• _AIM OF THE TASK_: Using only the entries below, output the lines starting at the one containing "3028x1872 Floral Pattern Wallpaper for Walls" and ending at the one containing "Нож Касатка средний", exactly and inclusive of both, omitting the pictures.

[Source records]
———

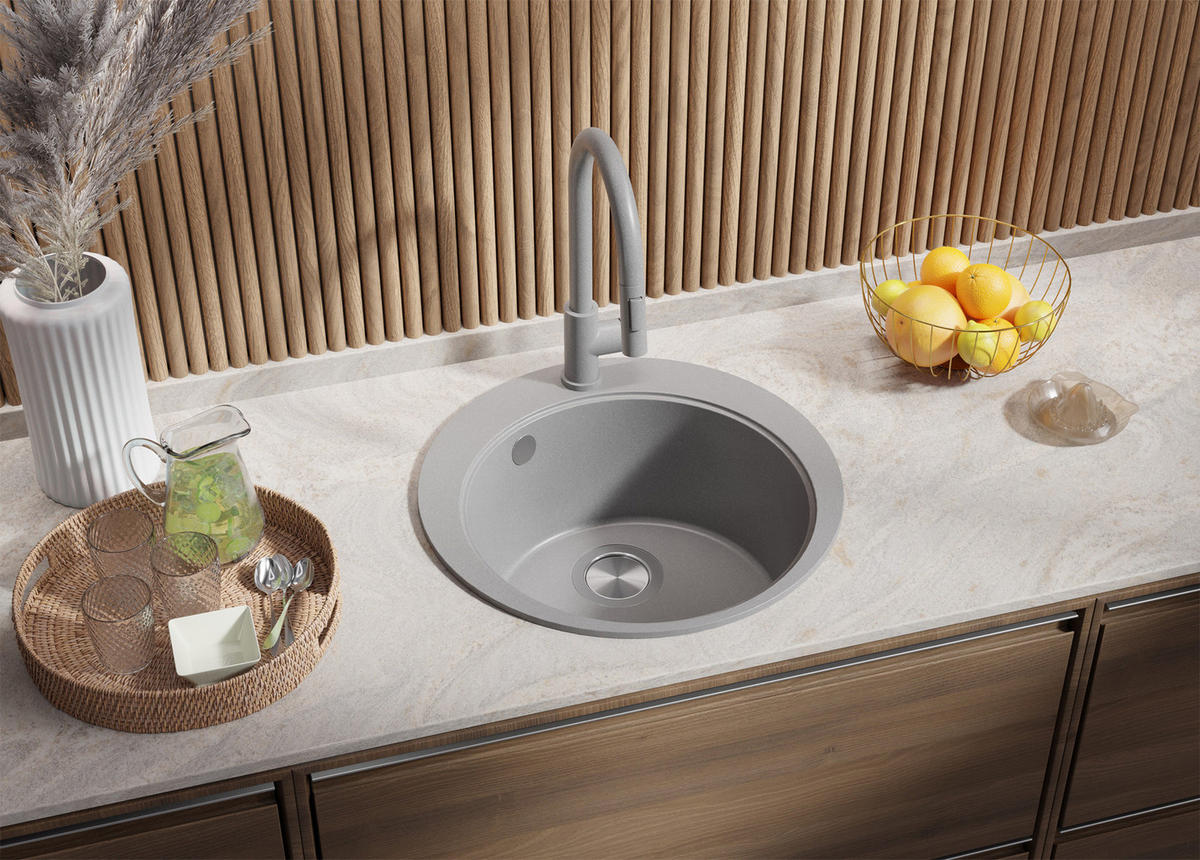 SPÜLBECKEN RUND Pisa, 2-er set Grau 50/50 cm 1 Becken + Ablauf-Set + Schneidebrett ab 45er Unterschrank - Beige/Grau, Kunststoff (50/20/50cm) - Primagran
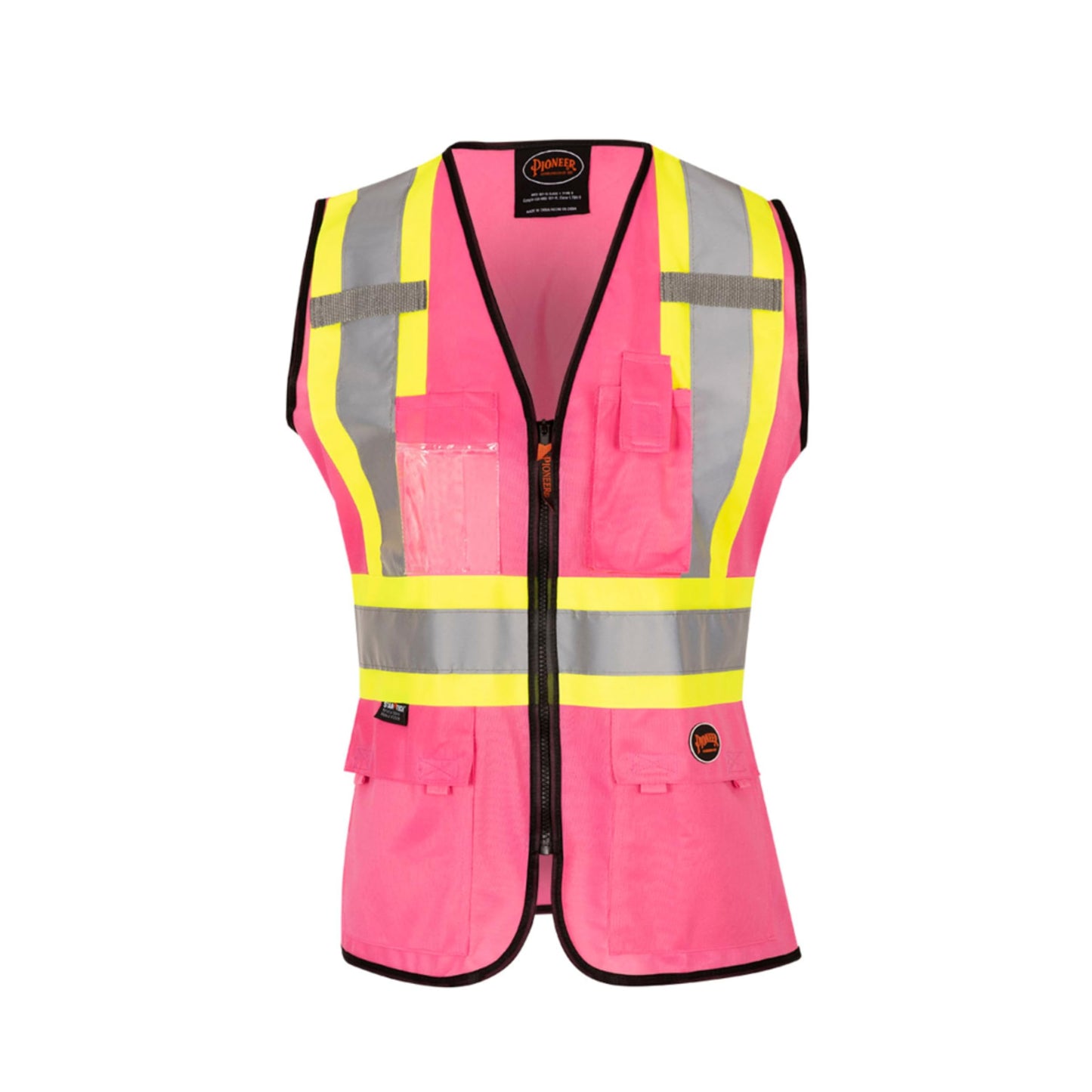 Pioneer Safety Vest for Women With Pockets - Hi-Vis Class 1, Reflective Tape - For Construction - Pink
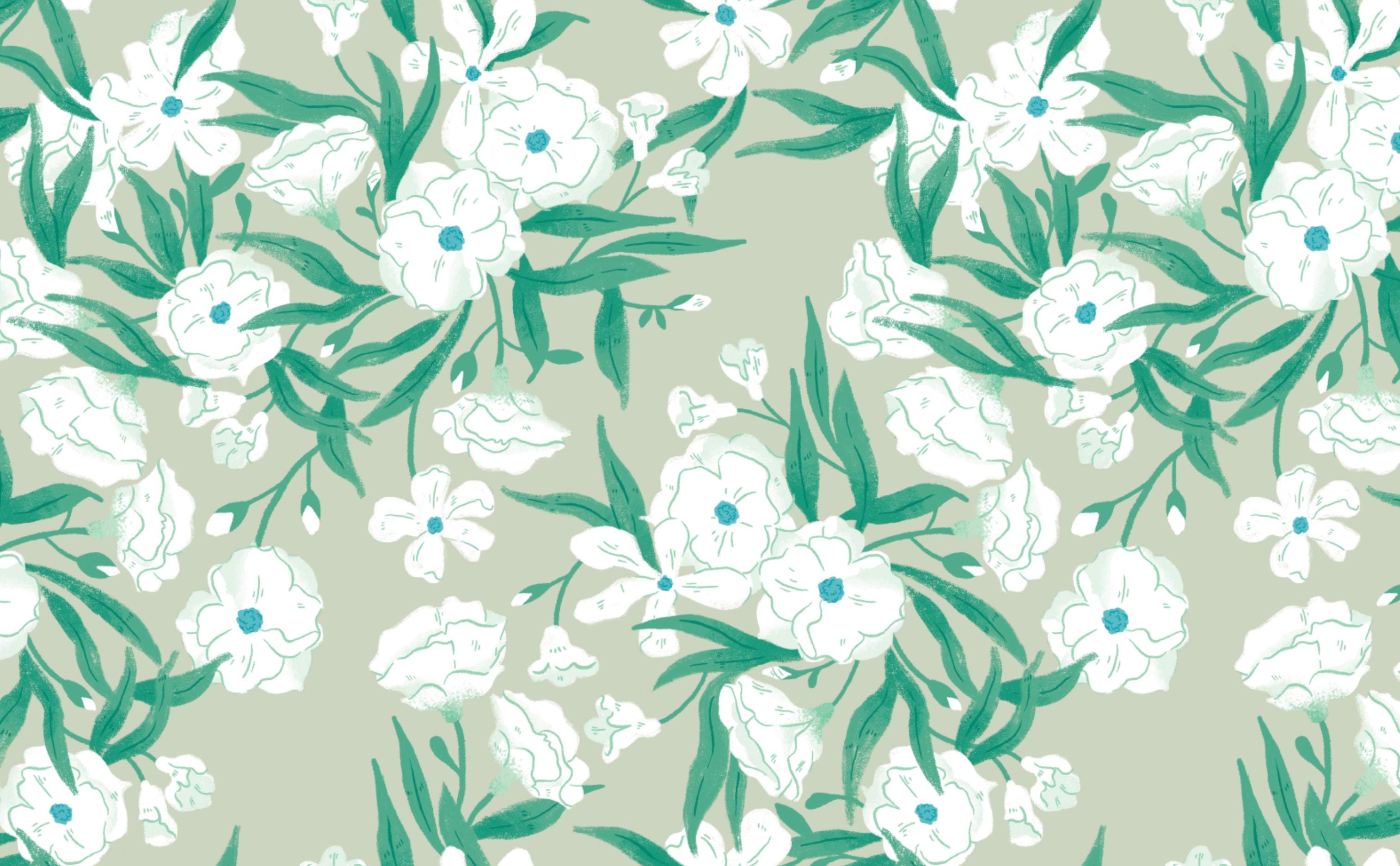 3028x1872 Floral Pattern Wallpaper for Walls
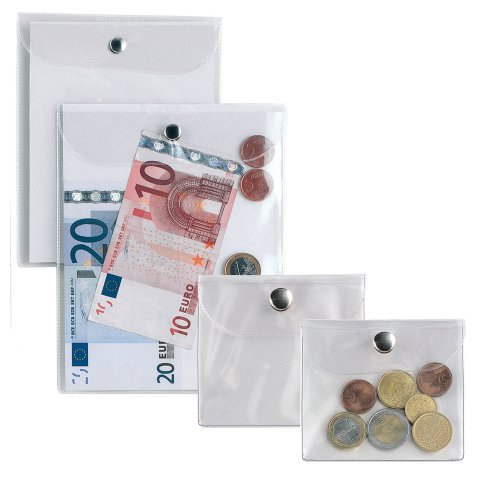 Busta con bottone Press 1E - PVC - 8,5x11 cm - trasparente - Sei Rota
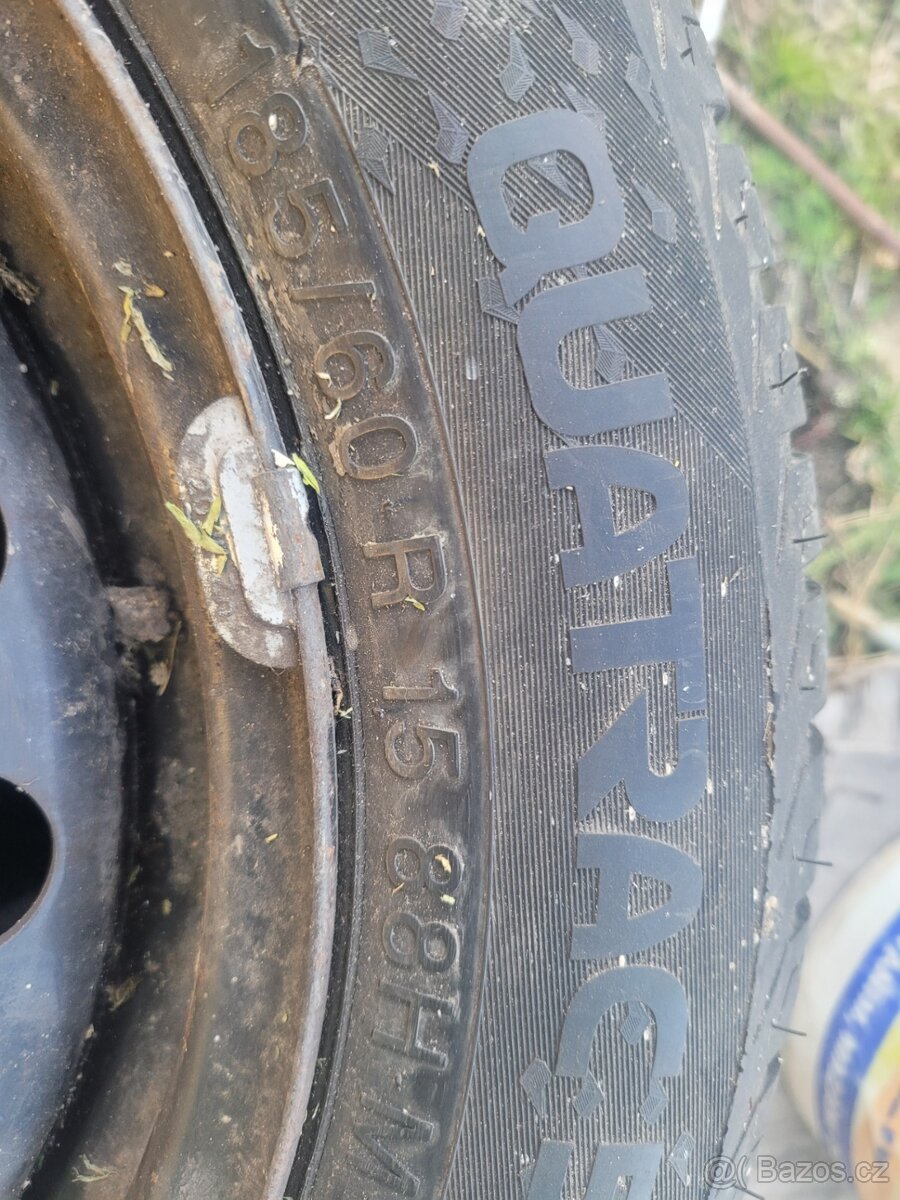 185/60/R15 4ks Vredestein Quatrac 5 + plechy rozteč 4x100 - 3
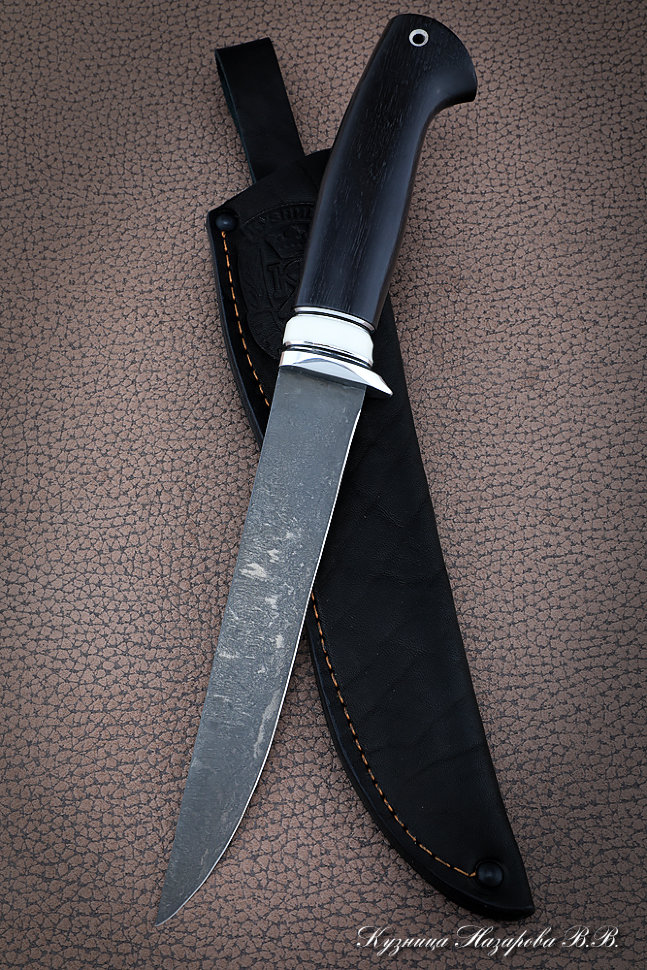 Нож Касатка средний филейный Х12МФ черный граб акрил белый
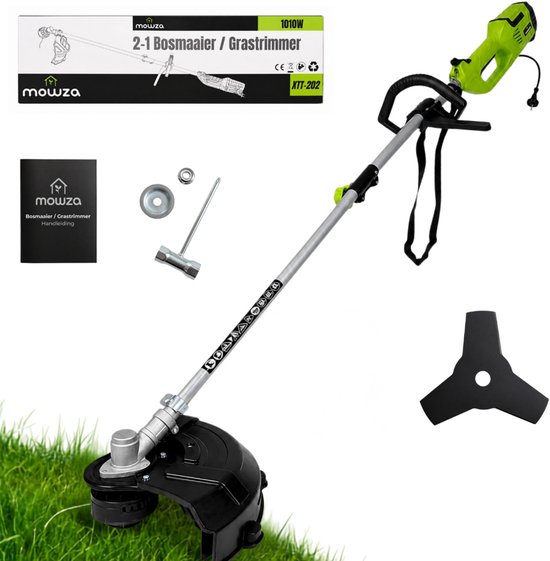 MOWZA® Elektrische Bosmaaier - 2 in 1 Grastrimmer & Kantenmaaier - Tuingereedschap - 1010 W - Incl. Schouderband - Groen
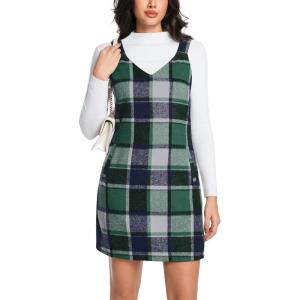 imageIDEALSANXUN Womens Plaid Overall Dress Fall Winter V Neck Sleeveless Pinafore Jumper Dress OverallsGreen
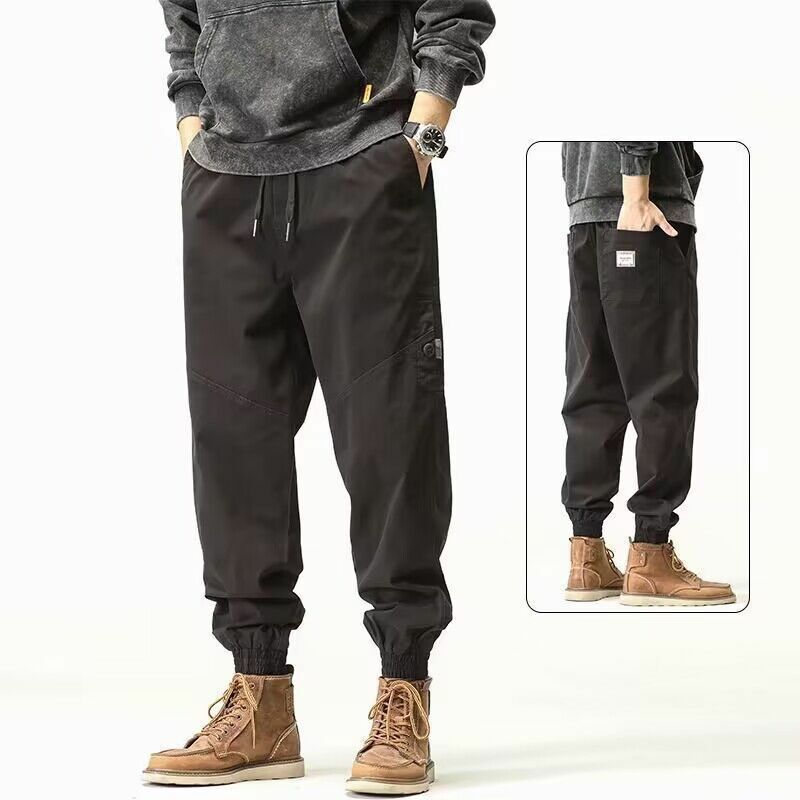 Calças largas Harajuku largas largas para homens, bolsos casuais sólidos, calças retas de cintura alta hip-hop, calças novas, A123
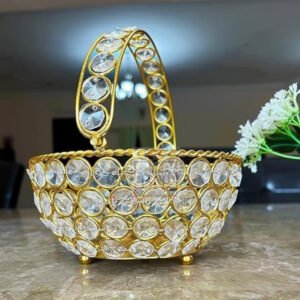 Metal Flower Basket (tokari) with Crystal Studded, Decorative Golden Metal Flower Vase for Home Office Gift, 150mm #9448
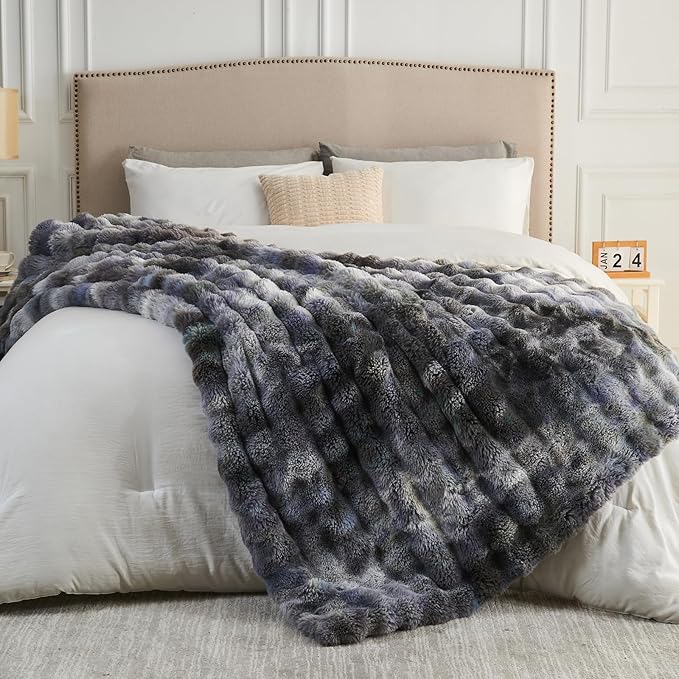 NEWCOSPLAY Faux Fur Twin Blanket Tie-dye Grey Luxury Fluffy Thick Warm Bubble Blanket for Couch Sofa Bed 700GSM (Tie-dye Grey, Twin(60"x80"))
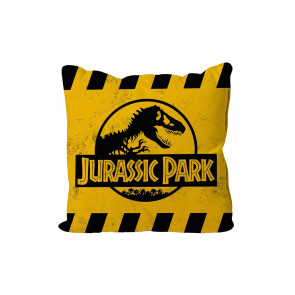 Jurassic Park Kissen Caution Yellow Logo 40 x 40 cm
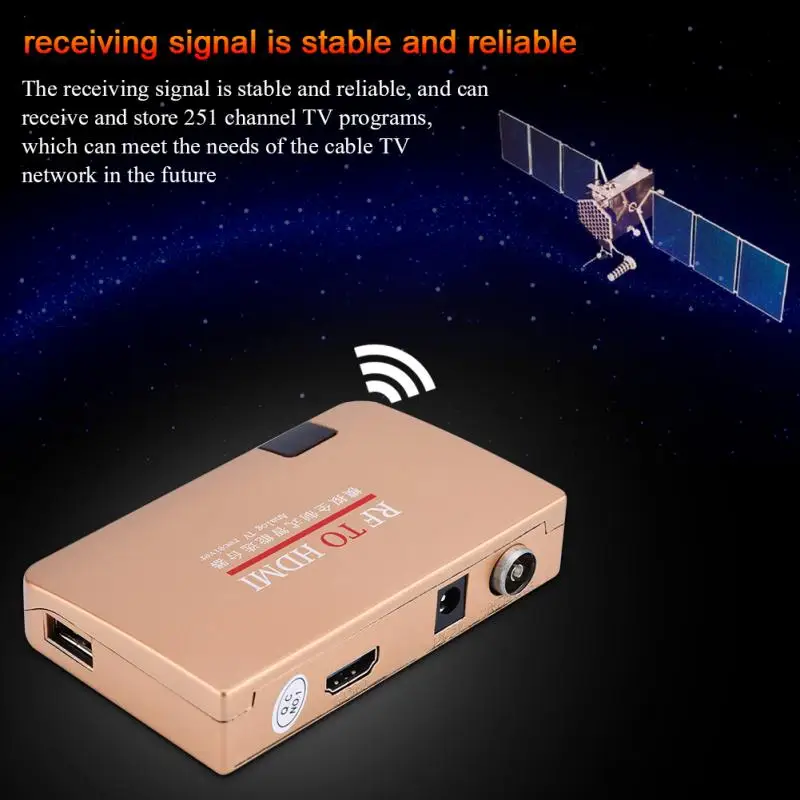 Преобразователь RF в HDMI универсальный адаптер для аналогового ТВ приемника пульт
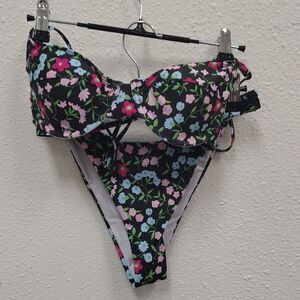 Black and Pink Floral Bikini Set Swim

———

• _RESPONSE BOX_:
 3028x1872 Floral Pattern Wallpaper for Walls
 Busta con bottone Press 1E - PVC - 8,5x11 cm - trasparente - Sei Rota
 185/60/R15 4ks Vredestein Quatrac 5 + plechy rozteč 4x100 - 3
 Нож Касатка средний филейный Х12МФ черный граб акрил белый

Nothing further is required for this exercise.